** Source data follows **
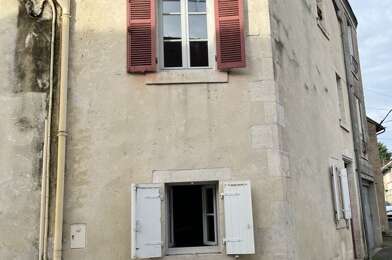 Maison 2 pièces 54800 €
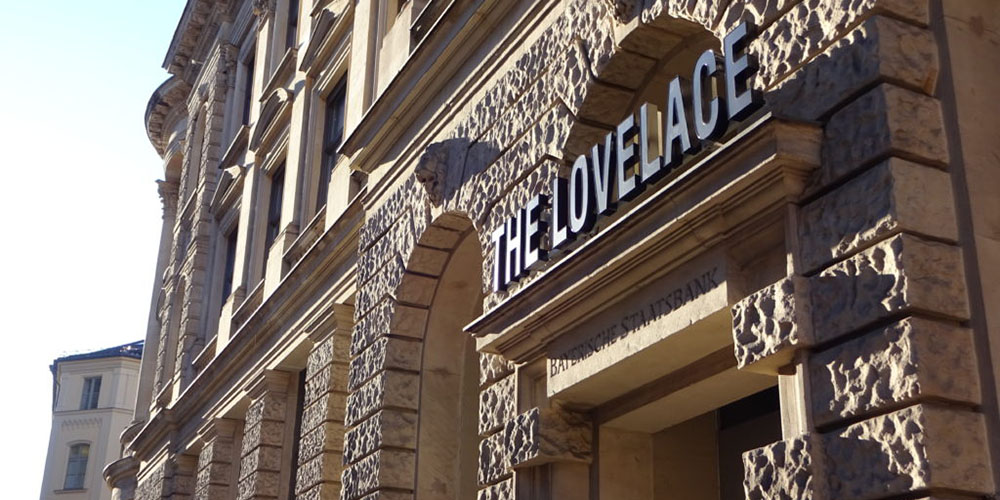 The Lovelace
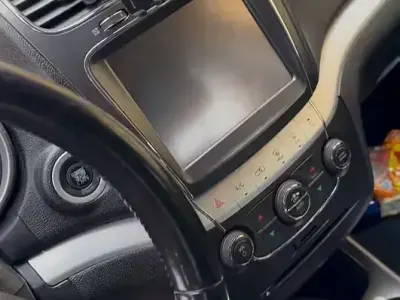 Usata Fiat Freemont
** End of Source data **
▶ [Exercise details] Omit the pictures and output all of the other material exactly.

▶ [Written solution]
 Maison 2 pièces 54800 €
 The Lovelace
 Usata Fiat Freemont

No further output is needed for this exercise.